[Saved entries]

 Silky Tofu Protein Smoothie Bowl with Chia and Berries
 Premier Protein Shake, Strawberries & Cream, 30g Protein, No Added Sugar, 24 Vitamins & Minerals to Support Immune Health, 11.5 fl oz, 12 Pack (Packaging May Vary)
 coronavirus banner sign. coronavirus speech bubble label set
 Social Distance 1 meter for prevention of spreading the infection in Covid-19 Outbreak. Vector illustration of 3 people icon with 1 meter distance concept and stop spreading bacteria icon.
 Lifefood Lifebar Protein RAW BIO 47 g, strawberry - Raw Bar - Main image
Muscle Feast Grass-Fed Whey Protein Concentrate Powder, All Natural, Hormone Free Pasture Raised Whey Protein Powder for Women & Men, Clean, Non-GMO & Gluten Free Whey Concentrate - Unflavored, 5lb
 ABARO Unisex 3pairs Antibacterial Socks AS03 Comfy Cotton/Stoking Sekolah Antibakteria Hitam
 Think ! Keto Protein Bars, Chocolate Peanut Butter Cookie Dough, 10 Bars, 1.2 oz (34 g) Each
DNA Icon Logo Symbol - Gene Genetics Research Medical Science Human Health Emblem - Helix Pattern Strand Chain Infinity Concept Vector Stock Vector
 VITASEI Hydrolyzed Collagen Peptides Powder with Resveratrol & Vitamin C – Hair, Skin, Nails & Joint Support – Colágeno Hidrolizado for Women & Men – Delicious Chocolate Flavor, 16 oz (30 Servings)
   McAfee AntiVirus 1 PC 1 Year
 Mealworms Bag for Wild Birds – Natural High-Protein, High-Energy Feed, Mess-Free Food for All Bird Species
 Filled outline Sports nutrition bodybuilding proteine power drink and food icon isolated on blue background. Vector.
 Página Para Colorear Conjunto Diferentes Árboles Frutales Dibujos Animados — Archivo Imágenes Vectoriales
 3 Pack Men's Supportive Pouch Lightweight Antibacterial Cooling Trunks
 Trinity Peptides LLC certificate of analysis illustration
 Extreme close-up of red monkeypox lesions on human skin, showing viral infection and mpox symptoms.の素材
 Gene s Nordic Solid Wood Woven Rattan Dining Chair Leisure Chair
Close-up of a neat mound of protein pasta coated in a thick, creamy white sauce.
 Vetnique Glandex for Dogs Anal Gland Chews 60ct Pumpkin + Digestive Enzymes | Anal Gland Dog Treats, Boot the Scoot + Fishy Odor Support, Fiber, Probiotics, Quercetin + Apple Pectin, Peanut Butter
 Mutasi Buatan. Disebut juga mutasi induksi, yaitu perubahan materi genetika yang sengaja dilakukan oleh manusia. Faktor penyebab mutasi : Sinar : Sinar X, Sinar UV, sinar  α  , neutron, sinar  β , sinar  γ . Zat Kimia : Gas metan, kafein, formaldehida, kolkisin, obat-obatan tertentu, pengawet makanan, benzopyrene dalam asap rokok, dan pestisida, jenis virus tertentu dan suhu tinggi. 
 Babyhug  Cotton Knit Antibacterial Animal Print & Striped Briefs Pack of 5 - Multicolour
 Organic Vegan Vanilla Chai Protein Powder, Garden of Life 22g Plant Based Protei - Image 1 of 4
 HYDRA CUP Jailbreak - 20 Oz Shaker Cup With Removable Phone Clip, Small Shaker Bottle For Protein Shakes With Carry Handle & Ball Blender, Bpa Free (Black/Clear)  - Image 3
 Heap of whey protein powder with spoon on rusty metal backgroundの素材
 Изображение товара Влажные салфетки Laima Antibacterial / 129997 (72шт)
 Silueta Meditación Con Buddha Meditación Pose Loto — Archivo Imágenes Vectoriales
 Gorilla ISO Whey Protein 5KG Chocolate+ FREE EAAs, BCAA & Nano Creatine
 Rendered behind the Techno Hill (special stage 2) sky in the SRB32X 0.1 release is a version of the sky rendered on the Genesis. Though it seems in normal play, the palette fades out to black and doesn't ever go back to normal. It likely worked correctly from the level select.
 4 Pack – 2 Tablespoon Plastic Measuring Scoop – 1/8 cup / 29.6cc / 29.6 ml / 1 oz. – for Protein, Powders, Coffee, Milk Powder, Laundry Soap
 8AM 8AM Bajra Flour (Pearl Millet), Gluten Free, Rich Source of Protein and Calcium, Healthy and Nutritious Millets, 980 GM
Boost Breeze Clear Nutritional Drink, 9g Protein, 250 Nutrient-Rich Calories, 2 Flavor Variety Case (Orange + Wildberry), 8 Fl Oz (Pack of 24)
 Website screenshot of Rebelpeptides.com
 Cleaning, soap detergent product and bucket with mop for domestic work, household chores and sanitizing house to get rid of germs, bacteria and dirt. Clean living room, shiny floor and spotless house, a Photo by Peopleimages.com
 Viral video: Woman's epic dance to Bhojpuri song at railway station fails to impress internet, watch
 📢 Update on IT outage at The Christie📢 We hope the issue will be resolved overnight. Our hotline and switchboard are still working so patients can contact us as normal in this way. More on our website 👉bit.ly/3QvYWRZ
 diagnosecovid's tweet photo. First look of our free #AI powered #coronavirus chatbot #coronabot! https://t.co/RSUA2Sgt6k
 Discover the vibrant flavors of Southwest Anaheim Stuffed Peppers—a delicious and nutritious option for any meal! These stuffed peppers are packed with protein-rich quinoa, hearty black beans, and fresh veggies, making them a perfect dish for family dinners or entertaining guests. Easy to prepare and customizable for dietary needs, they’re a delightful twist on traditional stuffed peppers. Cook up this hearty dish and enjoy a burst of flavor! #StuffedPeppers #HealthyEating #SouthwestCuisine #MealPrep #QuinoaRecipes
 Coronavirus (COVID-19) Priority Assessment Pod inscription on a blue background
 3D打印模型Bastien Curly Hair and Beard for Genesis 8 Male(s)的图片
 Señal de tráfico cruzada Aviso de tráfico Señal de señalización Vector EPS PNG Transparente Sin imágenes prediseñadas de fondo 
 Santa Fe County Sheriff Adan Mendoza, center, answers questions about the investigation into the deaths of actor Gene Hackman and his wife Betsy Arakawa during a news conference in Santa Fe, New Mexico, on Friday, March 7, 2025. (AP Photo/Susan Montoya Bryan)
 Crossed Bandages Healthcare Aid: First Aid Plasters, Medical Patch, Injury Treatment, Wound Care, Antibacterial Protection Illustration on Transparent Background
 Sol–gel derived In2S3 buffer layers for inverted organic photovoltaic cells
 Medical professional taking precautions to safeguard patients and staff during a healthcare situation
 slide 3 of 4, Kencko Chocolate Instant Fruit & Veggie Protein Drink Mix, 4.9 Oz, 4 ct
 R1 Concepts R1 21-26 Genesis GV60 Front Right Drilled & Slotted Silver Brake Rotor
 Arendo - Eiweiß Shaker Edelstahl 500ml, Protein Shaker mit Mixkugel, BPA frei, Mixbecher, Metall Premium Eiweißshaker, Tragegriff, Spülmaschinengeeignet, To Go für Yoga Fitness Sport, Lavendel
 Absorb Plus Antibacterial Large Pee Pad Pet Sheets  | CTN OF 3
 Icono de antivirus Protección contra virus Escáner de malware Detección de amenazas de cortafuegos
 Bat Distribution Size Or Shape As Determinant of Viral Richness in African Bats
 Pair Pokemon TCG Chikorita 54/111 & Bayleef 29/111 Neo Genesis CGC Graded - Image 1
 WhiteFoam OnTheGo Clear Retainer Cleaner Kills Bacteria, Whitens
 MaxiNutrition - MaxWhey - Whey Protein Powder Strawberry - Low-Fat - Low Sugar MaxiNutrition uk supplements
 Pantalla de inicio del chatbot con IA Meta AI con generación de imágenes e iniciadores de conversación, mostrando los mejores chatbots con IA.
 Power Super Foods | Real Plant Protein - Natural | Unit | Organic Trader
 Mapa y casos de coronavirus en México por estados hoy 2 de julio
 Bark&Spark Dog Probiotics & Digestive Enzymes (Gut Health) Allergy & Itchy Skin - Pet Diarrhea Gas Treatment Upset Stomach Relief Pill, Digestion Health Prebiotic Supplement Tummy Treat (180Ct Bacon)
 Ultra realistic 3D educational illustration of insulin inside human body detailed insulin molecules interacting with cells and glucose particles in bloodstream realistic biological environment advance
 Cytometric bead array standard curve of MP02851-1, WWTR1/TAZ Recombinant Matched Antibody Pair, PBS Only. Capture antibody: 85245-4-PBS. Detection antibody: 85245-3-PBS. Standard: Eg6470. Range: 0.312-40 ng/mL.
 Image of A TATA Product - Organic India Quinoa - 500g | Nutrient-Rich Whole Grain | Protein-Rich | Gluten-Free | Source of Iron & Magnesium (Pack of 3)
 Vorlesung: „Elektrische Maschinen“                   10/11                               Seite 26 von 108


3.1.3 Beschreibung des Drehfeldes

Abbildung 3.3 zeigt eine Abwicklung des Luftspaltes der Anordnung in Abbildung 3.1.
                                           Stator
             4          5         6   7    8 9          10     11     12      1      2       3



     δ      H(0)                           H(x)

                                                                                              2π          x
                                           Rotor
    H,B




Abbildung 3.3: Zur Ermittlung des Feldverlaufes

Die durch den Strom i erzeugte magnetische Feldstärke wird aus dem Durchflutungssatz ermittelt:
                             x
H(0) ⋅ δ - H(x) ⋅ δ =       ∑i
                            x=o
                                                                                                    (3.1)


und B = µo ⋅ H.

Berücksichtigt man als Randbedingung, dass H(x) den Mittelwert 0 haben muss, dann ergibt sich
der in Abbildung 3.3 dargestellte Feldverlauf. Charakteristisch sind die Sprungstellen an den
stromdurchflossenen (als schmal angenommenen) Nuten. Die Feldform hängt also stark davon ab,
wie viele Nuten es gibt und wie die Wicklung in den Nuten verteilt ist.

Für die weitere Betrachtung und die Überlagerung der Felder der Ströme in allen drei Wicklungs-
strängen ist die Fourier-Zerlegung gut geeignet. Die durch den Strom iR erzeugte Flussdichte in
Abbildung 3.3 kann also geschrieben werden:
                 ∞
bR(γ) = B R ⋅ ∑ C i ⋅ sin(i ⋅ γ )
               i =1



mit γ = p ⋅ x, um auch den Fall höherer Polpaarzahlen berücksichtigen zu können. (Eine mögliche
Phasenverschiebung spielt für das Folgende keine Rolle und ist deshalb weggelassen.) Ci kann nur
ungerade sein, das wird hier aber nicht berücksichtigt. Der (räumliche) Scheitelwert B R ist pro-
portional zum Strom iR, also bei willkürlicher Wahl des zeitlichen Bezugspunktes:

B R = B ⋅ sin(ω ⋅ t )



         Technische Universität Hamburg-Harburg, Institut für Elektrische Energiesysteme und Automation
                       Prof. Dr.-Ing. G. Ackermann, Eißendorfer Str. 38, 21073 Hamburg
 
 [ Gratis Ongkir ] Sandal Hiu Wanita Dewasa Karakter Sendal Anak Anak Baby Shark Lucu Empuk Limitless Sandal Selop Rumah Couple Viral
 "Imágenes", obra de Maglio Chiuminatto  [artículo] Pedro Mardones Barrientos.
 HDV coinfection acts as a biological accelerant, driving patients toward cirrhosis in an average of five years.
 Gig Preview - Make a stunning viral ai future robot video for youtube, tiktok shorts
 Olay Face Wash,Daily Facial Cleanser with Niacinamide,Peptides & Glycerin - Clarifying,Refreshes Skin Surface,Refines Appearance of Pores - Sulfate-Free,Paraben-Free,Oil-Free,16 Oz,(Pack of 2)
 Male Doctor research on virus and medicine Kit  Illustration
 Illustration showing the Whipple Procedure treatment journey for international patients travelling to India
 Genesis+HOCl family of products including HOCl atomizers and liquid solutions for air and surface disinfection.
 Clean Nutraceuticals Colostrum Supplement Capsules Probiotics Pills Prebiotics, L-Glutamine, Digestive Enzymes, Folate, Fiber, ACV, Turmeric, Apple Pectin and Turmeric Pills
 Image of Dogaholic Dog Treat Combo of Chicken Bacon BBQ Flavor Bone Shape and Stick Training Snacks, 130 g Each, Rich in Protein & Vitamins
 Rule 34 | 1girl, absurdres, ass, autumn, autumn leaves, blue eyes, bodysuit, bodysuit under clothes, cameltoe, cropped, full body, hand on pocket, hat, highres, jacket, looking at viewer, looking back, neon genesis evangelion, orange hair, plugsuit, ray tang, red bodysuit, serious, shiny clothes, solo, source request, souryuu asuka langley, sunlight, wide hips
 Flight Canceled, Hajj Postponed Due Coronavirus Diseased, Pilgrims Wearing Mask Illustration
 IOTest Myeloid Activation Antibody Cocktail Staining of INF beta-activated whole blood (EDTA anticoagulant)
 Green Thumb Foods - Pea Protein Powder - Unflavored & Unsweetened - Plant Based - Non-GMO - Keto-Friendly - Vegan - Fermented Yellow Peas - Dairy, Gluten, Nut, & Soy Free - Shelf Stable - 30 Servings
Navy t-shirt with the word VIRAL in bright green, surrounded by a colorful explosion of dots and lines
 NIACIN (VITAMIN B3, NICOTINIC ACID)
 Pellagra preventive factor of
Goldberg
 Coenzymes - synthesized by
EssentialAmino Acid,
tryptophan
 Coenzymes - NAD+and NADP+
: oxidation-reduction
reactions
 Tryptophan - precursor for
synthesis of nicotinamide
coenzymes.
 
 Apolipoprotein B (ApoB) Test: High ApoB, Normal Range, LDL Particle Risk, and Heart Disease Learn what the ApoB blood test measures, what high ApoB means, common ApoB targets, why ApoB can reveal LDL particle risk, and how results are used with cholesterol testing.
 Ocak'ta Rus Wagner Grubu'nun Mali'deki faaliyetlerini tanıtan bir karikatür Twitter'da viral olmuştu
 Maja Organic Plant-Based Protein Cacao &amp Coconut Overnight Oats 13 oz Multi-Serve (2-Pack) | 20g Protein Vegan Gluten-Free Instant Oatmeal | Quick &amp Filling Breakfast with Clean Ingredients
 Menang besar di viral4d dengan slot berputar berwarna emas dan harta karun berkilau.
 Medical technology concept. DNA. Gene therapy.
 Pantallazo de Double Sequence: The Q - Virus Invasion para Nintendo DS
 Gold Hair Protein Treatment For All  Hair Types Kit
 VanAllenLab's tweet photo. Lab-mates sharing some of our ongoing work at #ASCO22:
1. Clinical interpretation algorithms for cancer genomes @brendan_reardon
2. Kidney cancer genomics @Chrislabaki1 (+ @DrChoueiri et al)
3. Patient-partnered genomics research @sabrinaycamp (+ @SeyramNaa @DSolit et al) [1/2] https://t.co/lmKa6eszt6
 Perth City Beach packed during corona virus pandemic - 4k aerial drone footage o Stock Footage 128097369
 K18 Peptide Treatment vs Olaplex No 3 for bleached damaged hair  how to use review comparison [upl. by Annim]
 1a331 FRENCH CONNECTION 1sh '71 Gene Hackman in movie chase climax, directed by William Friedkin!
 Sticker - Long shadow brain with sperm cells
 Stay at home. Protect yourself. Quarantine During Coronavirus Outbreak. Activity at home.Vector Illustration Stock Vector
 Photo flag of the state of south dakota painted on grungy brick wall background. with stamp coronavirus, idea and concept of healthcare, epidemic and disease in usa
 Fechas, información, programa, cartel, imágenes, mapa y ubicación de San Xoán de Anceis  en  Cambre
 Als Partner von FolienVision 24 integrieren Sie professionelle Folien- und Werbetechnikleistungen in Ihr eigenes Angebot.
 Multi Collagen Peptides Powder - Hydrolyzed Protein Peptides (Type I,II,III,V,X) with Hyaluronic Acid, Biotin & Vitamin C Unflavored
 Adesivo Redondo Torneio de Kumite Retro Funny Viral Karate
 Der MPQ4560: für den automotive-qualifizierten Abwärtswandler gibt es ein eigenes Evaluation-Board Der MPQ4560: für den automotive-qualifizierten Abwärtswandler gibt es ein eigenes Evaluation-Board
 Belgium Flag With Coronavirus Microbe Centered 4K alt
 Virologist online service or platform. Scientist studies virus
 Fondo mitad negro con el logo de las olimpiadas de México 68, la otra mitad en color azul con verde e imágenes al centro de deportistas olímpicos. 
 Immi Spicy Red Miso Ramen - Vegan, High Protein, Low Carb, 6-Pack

__WHAT IS BEING ASKED__
Scan the entries above for the line containing "VanAllenLab's tweet photo.", and copy it and all lines after it exactly, down to and including the line containing "Stay at home.".

__ANSWER TO THIS EXERCISE__
 VanAllenLab's tweet photo. Lab-mates sharing some of our ongoing work at #ASCO22:
1. Clinical interpretation algorithms for cancer genomes @brendan_reardon
2. Kidney cancer genomics @Chrislabaki1 (+ @DrChoueiri et al)
3. Patient-partnered genomics research @sabrinaycamp (+ @SeyramNaa @DSolit et al) [1/2] https://t.co/lmKa6eszt6
 Perth City Beach packed during corona virus pandemic - 4k aerial drone footage o Stock Footage 128097369
 K18 Peptide Treatment vs Olaplex No 3 for bleached damaged hair  how to use review comparison [upl. by Annim]
 1a331 FRENCH CONNECTION 1sh '71 Gene Hackman in movie chase climax, directed by William Friedkin!
 Sticker - Long shadow brain with sperm cells
 Stay at home. Protect yourself. Quarantine During Coronavirus Outbreak. Activity at home.Vector Illustration Stock Vector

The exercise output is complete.